Dan’s Pagan Pulpit challenges christians to document what happened on Easter Sunday, referencing their own holy works. Matthew, Mark, Luke and John, as well as Acts and 1st Corinthians. As Dan notes, Thomas Paine attempts to do this in The Age of Reason, and he was unable. I had not realized that the gospels varied this much myself, on the holiest of holy christian holidays.
A lengthy Theocracy Alert this week, with W. acting like the average buffoon that he has come to represent, warning about re-introduction of the fairness doctrine (amongst other things) which Annie Laurie Gaylor lamented loosing. Dan Barker at least made a stab at illustrating the reason that the fairness doctrine is nothing of the kind, dictating to someone what they can do with their property is hardly fair. I daresay that their station would not want to give equal time to Republican views, which would also be required under the fairness doctrine.
John C. Hagee of the Cornerstone church in San Antonio has endorsed McCain. Another good reason not to vote for McCain. Barak Obama was also caught pandering to the evangelicals, resulting in a re-airing of JFK’s moving speech on religion.
Dan’s Pagan pulpit highlights the reason that torture and violence are acceptable to the devout, reciting several passages from the Bible.
The major portion of the show was devoted to the discussion of morality in the absence of religion. Dan again outlines his minimize harm philosophy, which is good as far as it goes. I prefer the Golden Rule, as I state below (the previous episode, this week last year, also dealt with the subject of morality) I’ve also written a letter to a local representative on the subject of morality and religion entitled It’s called Philosophy.
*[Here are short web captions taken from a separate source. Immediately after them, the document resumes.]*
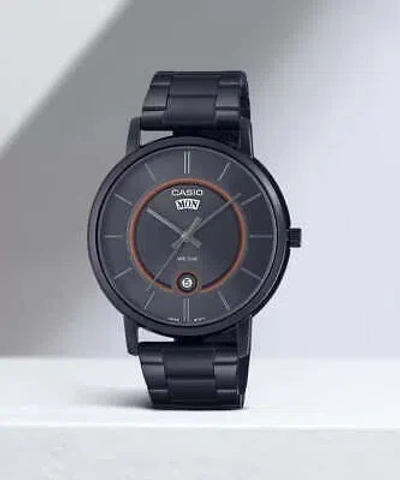 Pre-owned Casio Analog Black Dial Men's Watch-mtp-b120b-8avdf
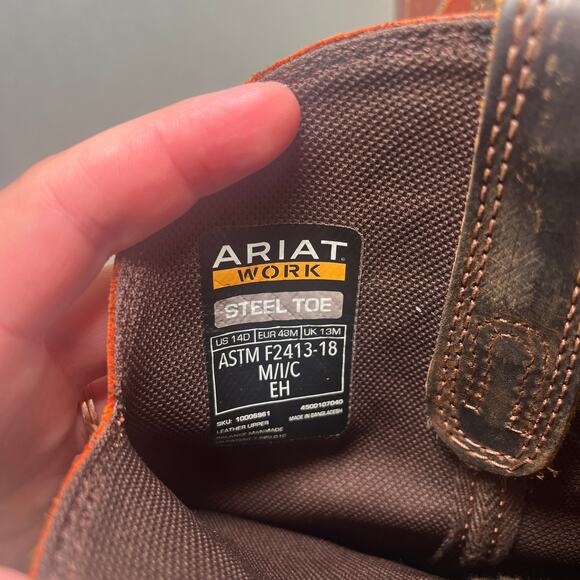 Ariat Men's WorkHog Square Steel Toe Waterproof Work Boots Dark Earth Size 14 - Picture 8 of 9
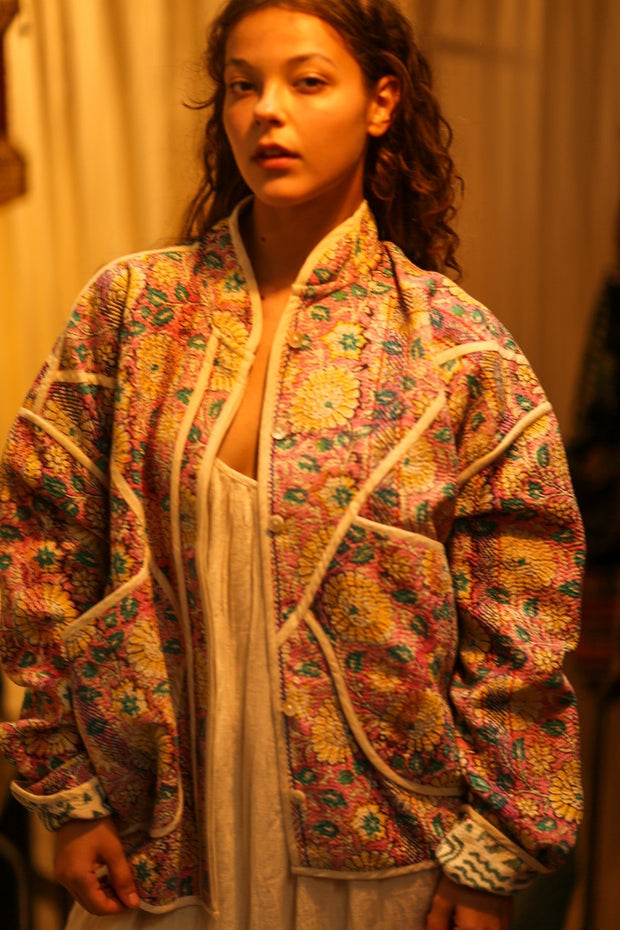 KANTHA JACKET BABY FLOWER - sustainably made MOMO NEW YORK sustainable clothing, coatandjacket slow fashion
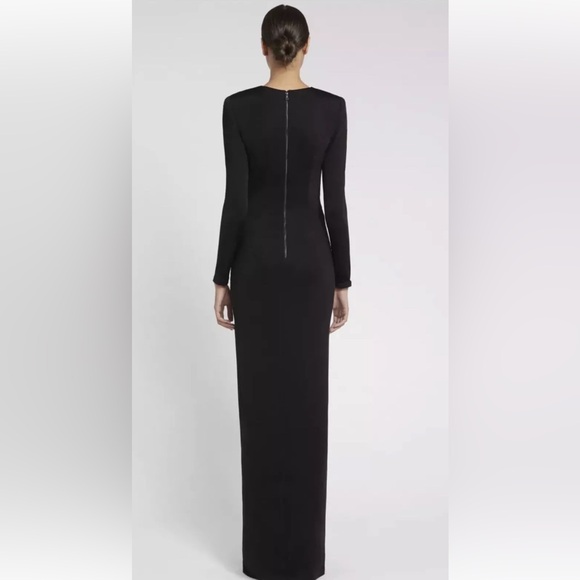 Alice + Olivia Kyra Deep V Neck Slinky Faux Wrap Long Dress - Picture 4 of 10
This episode marks the first time I heard a response to the weekly “Ask an Atheist” blurb, in which Dan and Laurie give out an e-mail address and phone number, so that the curious out there can ask questions that they might have about atheism.
Not surprisingly, a good portion of the mail they get is pretty vitriolic. They read several of them. They also read a legitimate question, probably the most common. “How can an Atheist be Moral?”
Contrary to popular belief, the Golden Rule isn’t a christian creation. I consider it one of the highest moral principles around. Their answer was different, arranged around the concept of harm, but it boils down pretty much the same way. I’ve heard this question many times myself, and the idea that you need religion to be moral is such a foreign concept to me that I almost never have a good answer when the question is asked.